Eulalie la Niaise
Par Eulalie , mercredi 12 octobre 2005 à 14:13 :: Journal
- Mademoiselle Eulalie, cette phrase est incorrecte et ne veut strictement rien dire.
- Je sais, Madame, je sais, mais pour les réclamations, il faudra que vous voyiez le SAV Compaq.

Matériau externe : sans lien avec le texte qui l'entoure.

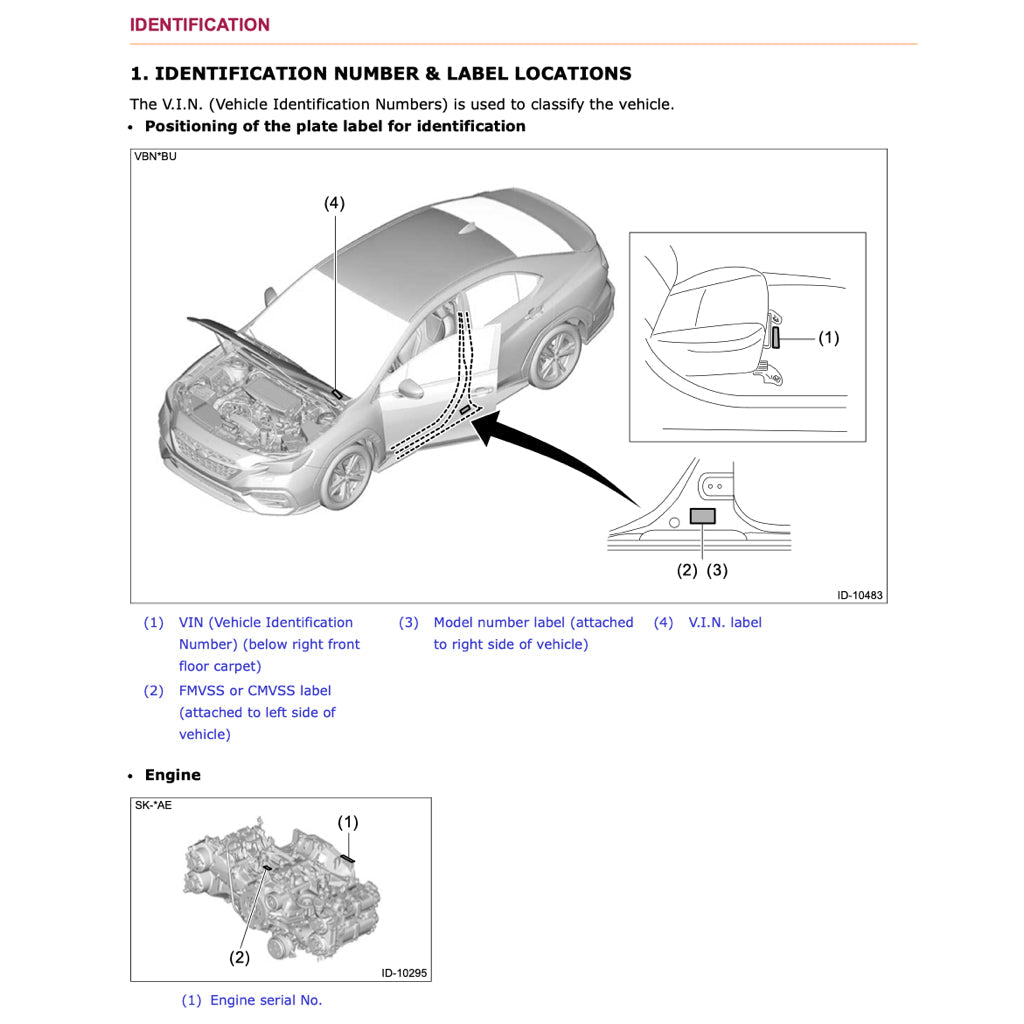 SUBARU WRX VB 2021+ Full Manual Set – Repair & Maintenance Manual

100 fois sur le cadran j’ai composé le numéro, et j’ai enfin accédé à l’Atelier des Dieux de la Réparation Informatique.
Le Saint Homme m’a expliqué que le modèle était très récent et que mon exemplaire avait été le premier à être rappelé à sa droite.
Bon, OK. C’est possible. J’étais hors délai pour suspendre mon abonnement à Murphy Inc, et je suis repartie pour un an.

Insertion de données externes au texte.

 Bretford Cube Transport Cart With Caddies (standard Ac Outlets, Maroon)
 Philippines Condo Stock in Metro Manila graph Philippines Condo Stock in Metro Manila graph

Il a ajouté que comme c’était le tout premier retour, ils avaient préféré identifier le problème au lieu de m’en envoyer un autre qui aurait pu avoir le même défaut.
Bon, OK, un SAV consciencieux, cela paraît antinomique, mais pourquoi pas.
Il m’a ensuite dit qu’ils avaient même bloqué les chaînes de productions parce qu’ils ne voulaient pas qu’il y ait d’autres retours.
Bon, OK, je suis responsable du chômage technique de quelques employés qui, sur ce, vont s’arsouiller sévère en jouant au baby foot au café du coin et qui rentrent bourrés trop tard pour embrasser leurs babys choux à eux. On peut aussi me reprocher les licenciements sans indemnités de chefs de projet qui vont bientôt perdre famille, maison et 307 CC.
Il m’a également confié qu’ils avaient interdit aux revendeurs de les commercialiser, et que par conséquent, le V4147EA n’était plus en vente sur terre.
OK, je suis la cause de la baisse du chiffre d’affaire de HP, dans un mois ils déposent le bilan et licencient à tour de bras. J’espère juste que ce n’est pas Acer qui récupère les clients, parce que chez Acer, c’est vraiment des buses. (Et je ne parle pas des imprimantes)
Il m’a enfin assuré que l’erreur avait été identifiée, qu’un nouveau modèle partait l’après-midi même via UPS (Union des Perfides Siphons) et que je l’aurais le lendemain, ou, au-pire-du-pire-je-vous-le-promets, le surlendemain, allez-en-paix-ma-sœur.
Quand j’ai raccroché, je débordais d’amour pour cette fantastique entreprise, pour ce merveilleux homme si rassurant, (en tout bien tout honneur, n’est-ce pas) et, par extension, pour toute cette sublime chaîne de compétences qui allait me rendre mon petit bijou et son écran 15’4.
Le hic, c’est que cela fait 9 jours aujourd’hui, et que ma ferveur a pris une toute autre dimension.
Il y a 9 jours, je me sentais exceptionnelle d’être à l’origine d’une telle chaîne de catastrophe et d’avoir pu accéder à la parole d’un Saint Ingénieur Informaticien.
Aujourd’hui, lorsque je repense à tout ce baratin en bois qu’on m’a servi et auquel j’ai adhéré avec l’application d’une ménagère de moins de 50 ans devant les émissions pédagogiques de M6, j’ai surtout envie de mettre ma tête sur le clavier du portable et de plier l’écran très fort.